== What you are asked to do ==
Please transcribe the data exactly as shown, skipping the images.

== Provided data ==
[Start of Attachment]

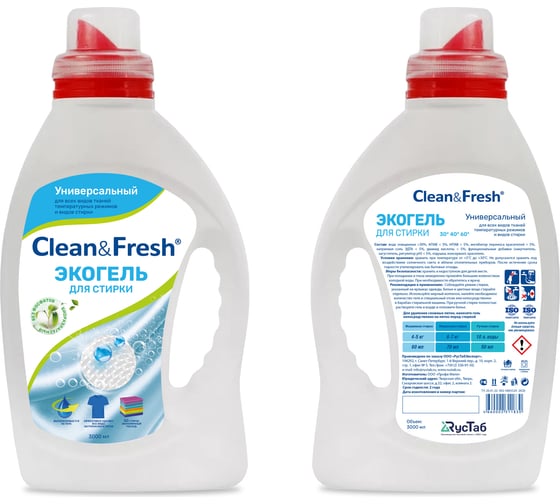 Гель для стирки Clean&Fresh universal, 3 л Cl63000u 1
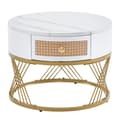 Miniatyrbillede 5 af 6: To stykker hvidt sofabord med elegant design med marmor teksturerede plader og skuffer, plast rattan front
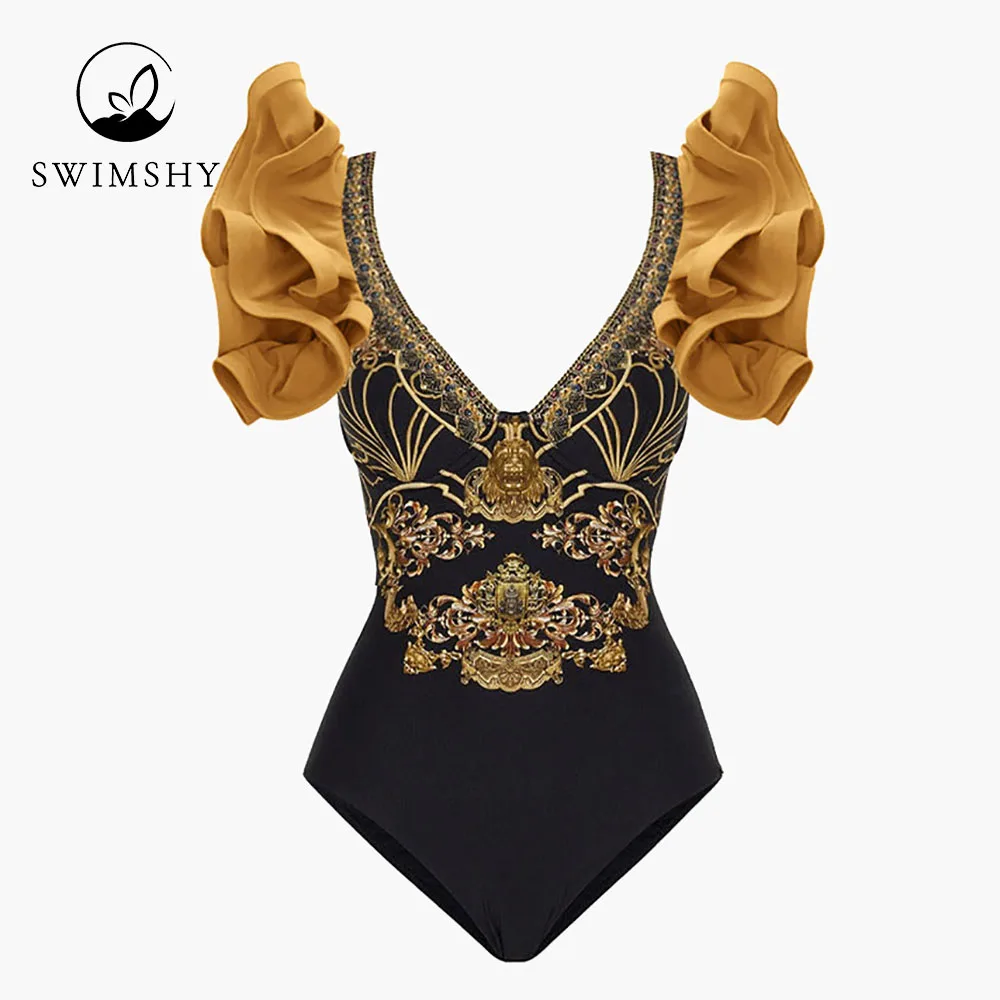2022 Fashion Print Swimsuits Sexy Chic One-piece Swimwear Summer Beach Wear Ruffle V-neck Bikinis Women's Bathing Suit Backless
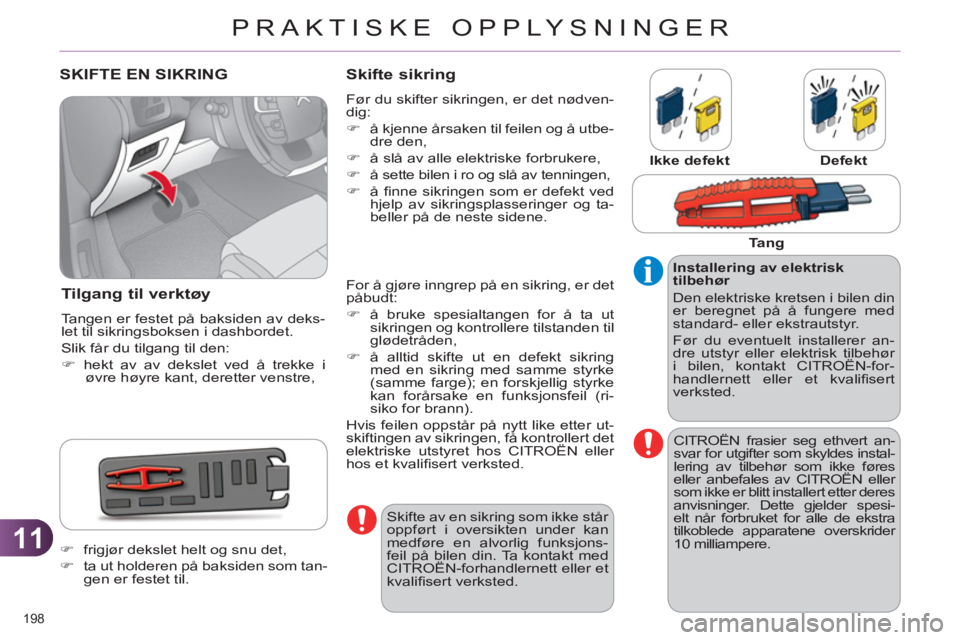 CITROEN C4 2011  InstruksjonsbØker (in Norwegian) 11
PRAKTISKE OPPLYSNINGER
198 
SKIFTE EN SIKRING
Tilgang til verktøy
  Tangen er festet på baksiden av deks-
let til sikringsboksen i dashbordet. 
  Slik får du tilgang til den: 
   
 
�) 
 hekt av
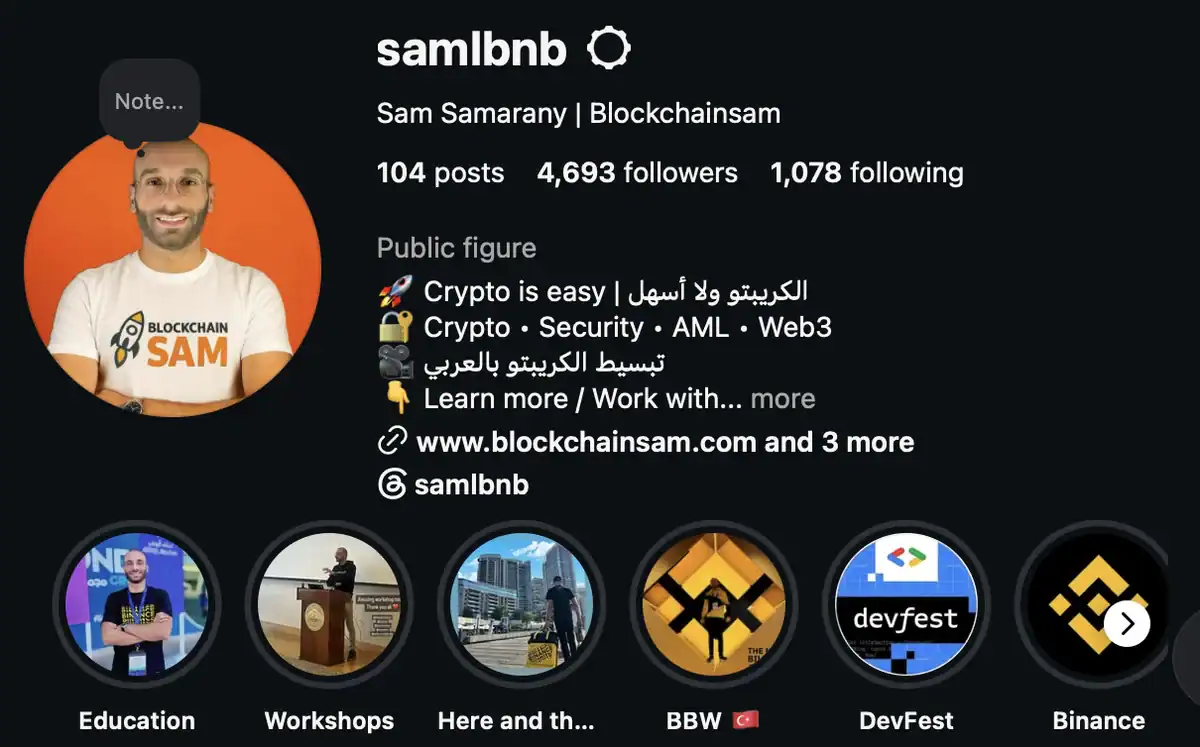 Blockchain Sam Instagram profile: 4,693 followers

[End of Attachment]

== Written solution ==
 Гель для стирки Clean&Fresh universal, 3 л Cl63000u 1
 Miniatyrbillede 5 af 6: To stykker hvidt sofabord med elegant design med marmor teksturerede plader og skuffer, plast rattan front
2022 Fashion Print Swimsuits Sexy Chic One-piece Swimwear Summer Beach Wear Ruffle V-neck Bikinis Women's Bathing Suit Backless
 CITROEN C4 2011  InstruksjonsbØker (in Norwegian) 11
PRAKTISKE OPPLYSNINGER
198 
SKIFTE EN SIKRING
Tilgang til verktøy
  Tangen er festet på baksiden av deks-
let til sikringsboksen i dashbordet. 
  Slik får du tilgang til den: 
   
 
�) 
 hekt av
 Blockchain Sam Instagram profile: 4,693 followers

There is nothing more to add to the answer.